Last updated: July 22, 2025
How to detect out-of-range numbers? Examples and Best Practices
Read this guide to learn how to detect numeric values that are out of an accepted range and how to raise a data quality issue.
The data quality checks responsible for numeric values are configured in the numeric
category in DQOps.
Common data quality issues with numbers
We can categorize data quality issues affecting numeric fields into three types.
-
Some values are out-of-range. Some numeric values are below or above a maximum accepted value.
-
An aggregated measure is out-of-range. A sum, min, max, or mean value is above or below an assumed value.
-
Anomalous values appeared recently in numeric columns. A time series prediction detected data outliers.
The data quality checks in the numerics
category are responsible for detecting the first two types of issues.
DQOps has a separate category of data quality checks that detect anomalies in numeric fields.
Please read the guide for detecting numeric anomalies to learn more.
Numerical statistics
The quickest method for identifying out-of-range values is by examining the basic statistics collected by DQOps. We can review the minimum and maximum values on the column's statistics screen. We can also review the values of aggregate metrics, such as median, sum or mean value.
Detecting out-of-range numbers
The out-of-range values are relatively easy to find. A data quality check runs an SQL query that finds values above
or below an accepted value, using a condition WHERE tested_column < {accepted value}
.
Examples of out-of-range numbers
Many numeric columns represent values from a well-known domain.

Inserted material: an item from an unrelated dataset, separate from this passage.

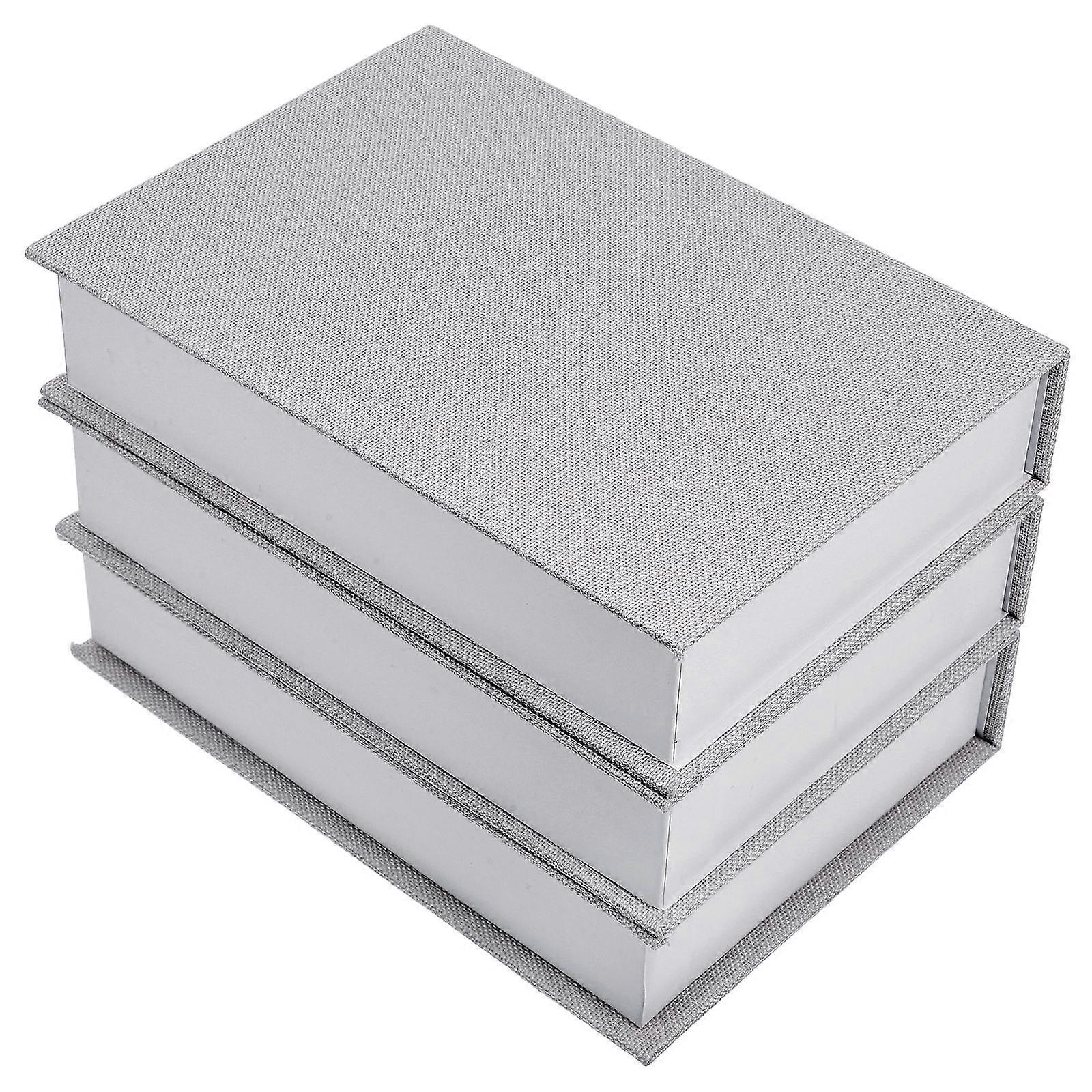 Fake Book Box Linen Book Shape Decoration for Shelf 3Pcs Storage Organizer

It is obvious why some values must be invalid.
-
An age column should be between 0 and 100 or even 120.
-
The age of an adult person should be at least 18 or 21 years.
-
Some columns representing a bounded percentage must be between 0% and 100%.
-
A numeric column that stores a fraction should be between 0.0 and 1.0.
-
The tax rate column should be between 1% and 99%, but a VAT or sales tax value is within a smaller range.
We can detect many obvious mistakes by activating a numeric range data quality check on these columns.
Out-of-range numbers checks
DQOps has several easy-to-use data quality checks that detect any values out-of-range or raise a data quality issue when too many out-of-range values are present in the dataset.
The following checks detect any out-of-range values.
-
number_below_min_value check detects any numeric values below a minimum accepted value.
-
number_above_max_value check detects any numeric values above a maximum accepted value.
-
negative_values detects any negative (less than 0) values.
We can also measure the percentage of out-of-range values and raise a data quality issue when too many invalid values are present.
-
negative_values_percent measures the percentage of negative values.
-
number_below_min_value_percent check finds numeric values below an accepted minimum value and measures their percentage in the dataset.
-
number_above_max_value_percent check finds numeric values above an accepted maximum value and measures their percentage in the dataset.
-
number_in_range_percent check measures the percentage of numeric values within a lower and upper limit.
-
integer_in_range_percent check measures the percentage of numeric values within a lower and upper limit but for integer data types.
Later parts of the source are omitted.